For this exercise, reproduce the entries below exactly, but only from the line containing "McCall Mountain Getaway - Pet Friendly - B&B" through the line containing "Beachfront Escape Villa", both included.

** Given records follows **

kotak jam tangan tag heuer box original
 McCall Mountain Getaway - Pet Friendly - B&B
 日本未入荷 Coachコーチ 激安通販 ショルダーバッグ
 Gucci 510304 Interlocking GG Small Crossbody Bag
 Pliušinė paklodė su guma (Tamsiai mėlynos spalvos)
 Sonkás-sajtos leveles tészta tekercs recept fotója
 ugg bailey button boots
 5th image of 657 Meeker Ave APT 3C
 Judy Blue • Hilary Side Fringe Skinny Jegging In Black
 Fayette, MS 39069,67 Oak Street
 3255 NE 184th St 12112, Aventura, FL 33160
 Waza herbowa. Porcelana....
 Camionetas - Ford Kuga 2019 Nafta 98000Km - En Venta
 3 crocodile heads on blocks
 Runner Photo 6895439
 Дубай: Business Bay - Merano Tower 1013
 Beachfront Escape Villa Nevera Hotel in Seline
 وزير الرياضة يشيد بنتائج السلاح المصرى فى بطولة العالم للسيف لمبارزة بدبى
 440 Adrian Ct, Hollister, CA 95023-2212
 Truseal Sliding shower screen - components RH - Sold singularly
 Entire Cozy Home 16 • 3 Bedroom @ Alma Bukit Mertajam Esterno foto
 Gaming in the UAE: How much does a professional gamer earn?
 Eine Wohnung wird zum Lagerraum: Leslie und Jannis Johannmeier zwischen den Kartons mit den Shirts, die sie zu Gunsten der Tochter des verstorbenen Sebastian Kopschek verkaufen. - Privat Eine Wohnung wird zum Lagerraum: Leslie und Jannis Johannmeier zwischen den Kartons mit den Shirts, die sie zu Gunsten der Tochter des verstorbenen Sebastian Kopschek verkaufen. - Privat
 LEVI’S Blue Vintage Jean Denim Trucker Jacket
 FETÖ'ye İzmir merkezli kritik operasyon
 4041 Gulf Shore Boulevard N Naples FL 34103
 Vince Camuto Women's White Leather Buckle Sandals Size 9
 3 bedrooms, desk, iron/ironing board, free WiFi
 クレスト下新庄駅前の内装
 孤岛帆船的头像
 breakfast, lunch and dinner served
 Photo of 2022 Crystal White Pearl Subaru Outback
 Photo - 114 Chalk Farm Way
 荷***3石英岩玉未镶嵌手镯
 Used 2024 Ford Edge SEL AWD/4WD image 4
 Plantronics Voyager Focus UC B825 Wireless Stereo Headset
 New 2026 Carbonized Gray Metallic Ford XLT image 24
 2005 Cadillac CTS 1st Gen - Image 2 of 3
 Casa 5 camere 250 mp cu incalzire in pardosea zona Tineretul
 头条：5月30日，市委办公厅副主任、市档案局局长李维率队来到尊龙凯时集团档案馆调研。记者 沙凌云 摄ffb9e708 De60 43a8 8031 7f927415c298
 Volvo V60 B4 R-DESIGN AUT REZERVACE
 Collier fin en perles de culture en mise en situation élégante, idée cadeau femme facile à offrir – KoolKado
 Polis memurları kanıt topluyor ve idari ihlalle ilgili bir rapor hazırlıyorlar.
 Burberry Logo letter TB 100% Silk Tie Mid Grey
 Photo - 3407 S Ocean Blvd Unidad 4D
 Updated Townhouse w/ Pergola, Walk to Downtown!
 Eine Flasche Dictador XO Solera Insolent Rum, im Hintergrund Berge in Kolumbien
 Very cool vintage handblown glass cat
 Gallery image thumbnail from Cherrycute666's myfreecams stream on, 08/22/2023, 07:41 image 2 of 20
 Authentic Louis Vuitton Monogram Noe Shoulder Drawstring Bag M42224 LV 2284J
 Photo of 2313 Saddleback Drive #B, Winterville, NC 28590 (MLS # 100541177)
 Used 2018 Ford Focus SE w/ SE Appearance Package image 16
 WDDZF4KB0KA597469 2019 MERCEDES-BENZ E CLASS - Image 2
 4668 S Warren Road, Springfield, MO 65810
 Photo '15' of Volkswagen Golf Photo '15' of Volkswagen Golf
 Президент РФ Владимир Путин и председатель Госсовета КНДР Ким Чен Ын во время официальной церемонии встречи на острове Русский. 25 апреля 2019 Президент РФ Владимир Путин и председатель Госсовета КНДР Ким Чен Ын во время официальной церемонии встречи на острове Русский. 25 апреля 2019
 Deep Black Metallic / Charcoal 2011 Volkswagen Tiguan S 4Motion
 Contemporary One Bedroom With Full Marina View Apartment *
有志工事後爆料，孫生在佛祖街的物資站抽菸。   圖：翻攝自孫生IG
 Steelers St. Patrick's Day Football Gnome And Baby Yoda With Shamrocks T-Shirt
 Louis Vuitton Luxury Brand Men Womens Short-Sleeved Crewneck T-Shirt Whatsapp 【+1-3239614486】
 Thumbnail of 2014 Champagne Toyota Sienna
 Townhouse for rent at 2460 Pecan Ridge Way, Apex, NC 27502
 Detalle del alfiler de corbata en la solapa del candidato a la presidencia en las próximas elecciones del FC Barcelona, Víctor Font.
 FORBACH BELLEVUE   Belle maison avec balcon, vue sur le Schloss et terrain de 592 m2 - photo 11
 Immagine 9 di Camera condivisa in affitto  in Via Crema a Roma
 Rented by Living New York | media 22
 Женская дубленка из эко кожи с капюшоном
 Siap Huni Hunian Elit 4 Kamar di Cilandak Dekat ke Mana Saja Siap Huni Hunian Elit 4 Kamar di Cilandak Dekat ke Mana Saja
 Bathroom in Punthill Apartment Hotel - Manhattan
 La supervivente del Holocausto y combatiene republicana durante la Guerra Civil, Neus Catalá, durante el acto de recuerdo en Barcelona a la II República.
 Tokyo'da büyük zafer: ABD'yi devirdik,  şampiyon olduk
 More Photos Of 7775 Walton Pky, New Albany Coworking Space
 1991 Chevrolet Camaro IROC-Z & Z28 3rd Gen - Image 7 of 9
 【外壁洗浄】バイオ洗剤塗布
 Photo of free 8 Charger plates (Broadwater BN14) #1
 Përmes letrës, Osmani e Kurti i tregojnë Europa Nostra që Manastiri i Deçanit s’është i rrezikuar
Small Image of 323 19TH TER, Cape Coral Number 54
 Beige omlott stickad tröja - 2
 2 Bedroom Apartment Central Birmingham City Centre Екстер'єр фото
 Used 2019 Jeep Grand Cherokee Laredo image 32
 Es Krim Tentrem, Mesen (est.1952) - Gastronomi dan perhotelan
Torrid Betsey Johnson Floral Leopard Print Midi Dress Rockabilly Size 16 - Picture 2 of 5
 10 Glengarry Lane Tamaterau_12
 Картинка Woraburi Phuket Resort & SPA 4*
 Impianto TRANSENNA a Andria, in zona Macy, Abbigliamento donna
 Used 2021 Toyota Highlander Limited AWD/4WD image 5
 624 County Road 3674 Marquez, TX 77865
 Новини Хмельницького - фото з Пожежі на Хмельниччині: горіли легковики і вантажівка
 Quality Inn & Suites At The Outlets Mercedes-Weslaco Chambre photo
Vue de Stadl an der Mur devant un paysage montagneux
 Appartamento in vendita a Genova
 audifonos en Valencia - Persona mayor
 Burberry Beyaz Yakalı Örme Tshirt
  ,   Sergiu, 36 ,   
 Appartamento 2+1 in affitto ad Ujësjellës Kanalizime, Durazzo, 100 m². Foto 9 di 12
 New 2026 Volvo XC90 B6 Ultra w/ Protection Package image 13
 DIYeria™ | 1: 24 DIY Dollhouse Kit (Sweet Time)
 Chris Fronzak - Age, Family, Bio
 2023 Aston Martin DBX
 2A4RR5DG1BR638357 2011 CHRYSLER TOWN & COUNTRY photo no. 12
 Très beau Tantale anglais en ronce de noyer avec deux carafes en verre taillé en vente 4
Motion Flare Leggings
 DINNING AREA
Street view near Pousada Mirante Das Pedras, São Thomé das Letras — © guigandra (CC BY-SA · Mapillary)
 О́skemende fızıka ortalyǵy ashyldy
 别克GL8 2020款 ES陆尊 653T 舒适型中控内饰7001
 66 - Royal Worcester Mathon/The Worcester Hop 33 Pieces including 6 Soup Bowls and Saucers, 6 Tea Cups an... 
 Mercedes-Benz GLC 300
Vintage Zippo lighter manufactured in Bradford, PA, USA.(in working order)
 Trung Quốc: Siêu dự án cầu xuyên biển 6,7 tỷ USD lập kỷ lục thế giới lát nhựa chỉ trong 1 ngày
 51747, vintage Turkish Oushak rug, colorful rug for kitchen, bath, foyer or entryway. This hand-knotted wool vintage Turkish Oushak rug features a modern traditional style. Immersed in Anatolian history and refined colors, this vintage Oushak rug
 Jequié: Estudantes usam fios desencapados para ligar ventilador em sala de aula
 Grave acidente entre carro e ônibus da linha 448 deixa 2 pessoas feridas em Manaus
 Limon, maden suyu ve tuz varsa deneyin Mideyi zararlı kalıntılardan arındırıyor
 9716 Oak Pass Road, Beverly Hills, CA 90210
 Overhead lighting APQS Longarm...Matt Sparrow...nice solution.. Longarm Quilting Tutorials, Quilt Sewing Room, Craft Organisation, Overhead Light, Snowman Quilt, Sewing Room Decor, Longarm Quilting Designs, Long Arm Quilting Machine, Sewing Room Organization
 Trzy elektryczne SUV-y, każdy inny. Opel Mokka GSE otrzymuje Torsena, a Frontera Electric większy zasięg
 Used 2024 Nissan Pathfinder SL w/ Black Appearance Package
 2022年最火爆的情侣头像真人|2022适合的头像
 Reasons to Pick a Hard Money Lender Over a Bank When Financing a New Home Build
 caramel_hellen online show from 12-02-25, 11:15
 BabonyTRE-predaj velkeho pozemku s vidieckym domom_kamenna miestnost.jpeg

** End of Given records **

Completed exercise.
 McCall Mountain Getaway - Pet Friendly - B&B
 日本未入荷 Coachコーチ 激安通販 ショルダーバッグ
 Gucci 510304 Interlocking GG Small Crossbody Bag
 Pliušinė paklodė su guma (Tamsiai mėlynos spalvos)
 Sonkás-sajtos leveles tészta tekercs recept fotója
 ugg bailey button boots
 5th image of 657 Meeker Ave APT 3C
 Judy Blue • Hilary Side Fringe Skinny Jegging In Black
 Fayette, MS 39069,67 Oak Street
 3255 NE 184th St 12112, Aventura, FL 33160
 Waza herbowa. Porcelana....
 Camionetas - Ford Kuga 2019 Nafta 98000Km - En Venta
 3 crocodile heads on blocks
 Runner Photo 6895439
 Дубай: Business Bay - Merano Tower 1013
 Beachfront Escape Villa Nevera Hotel in Seline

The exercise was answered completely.